● **GIVEN RECORDS**:
:::

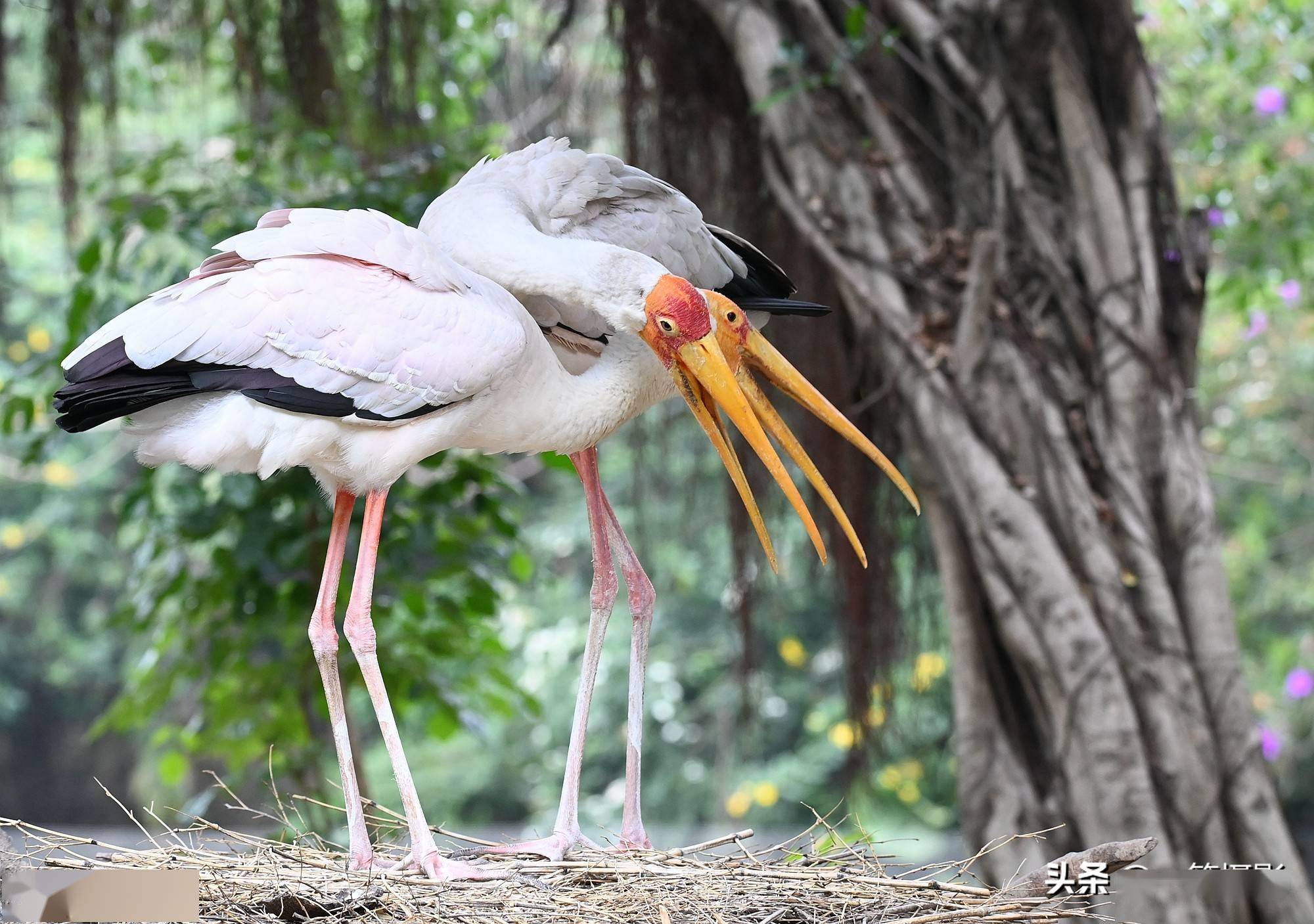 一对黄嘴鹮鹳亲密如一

:::

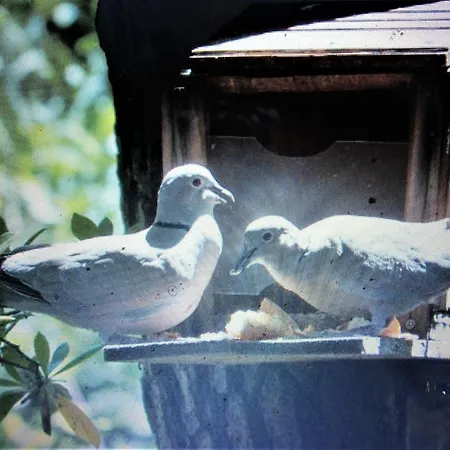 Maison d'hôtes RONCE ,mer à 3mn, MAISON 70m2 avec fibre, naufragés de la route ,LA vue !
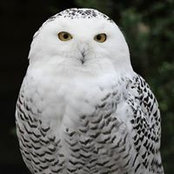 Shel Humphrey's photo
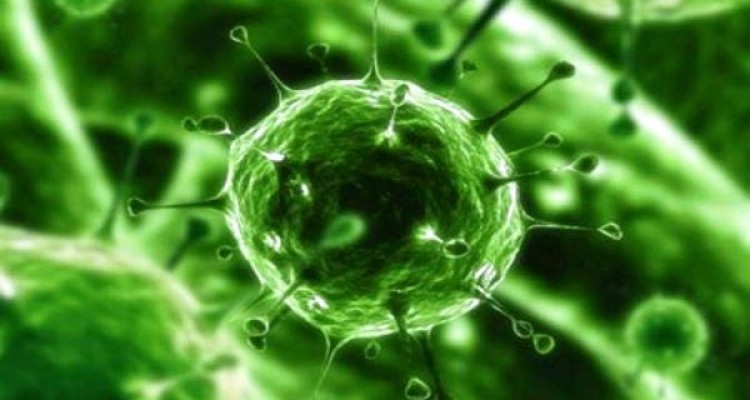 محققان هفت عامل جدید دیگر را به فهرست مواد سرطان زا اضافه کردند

:::

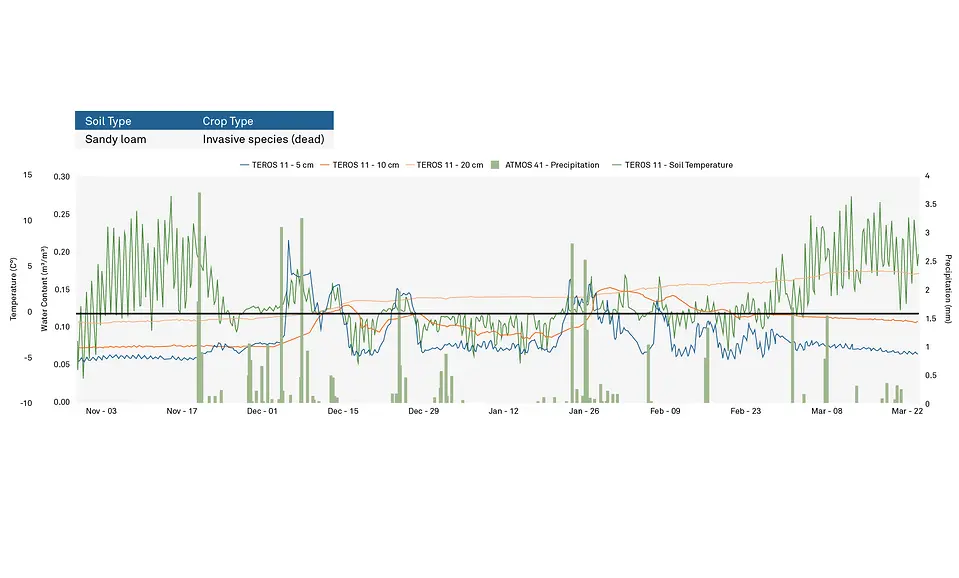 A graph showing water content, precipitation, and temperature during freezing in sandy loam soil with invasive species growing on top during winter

:::

● **YOUR OBJECTIVE**:
From the records above, copy exactly the stretch from the line holding "Maison d'hôtes RONCE" through the line holding "محققان هفت عامل", both ends included, without the pictures.

● **ANSWER SECTION**:
 Maison d'hôtes RONCE ,mer à 3mn, MAISON 70m2 avec fibre, naufragés de la route ,LA vue !
 Shel Humphrey's photo
 محققان هفت عامل جدید دیگر را به فهرست مواد سرطان زا اضافه کردند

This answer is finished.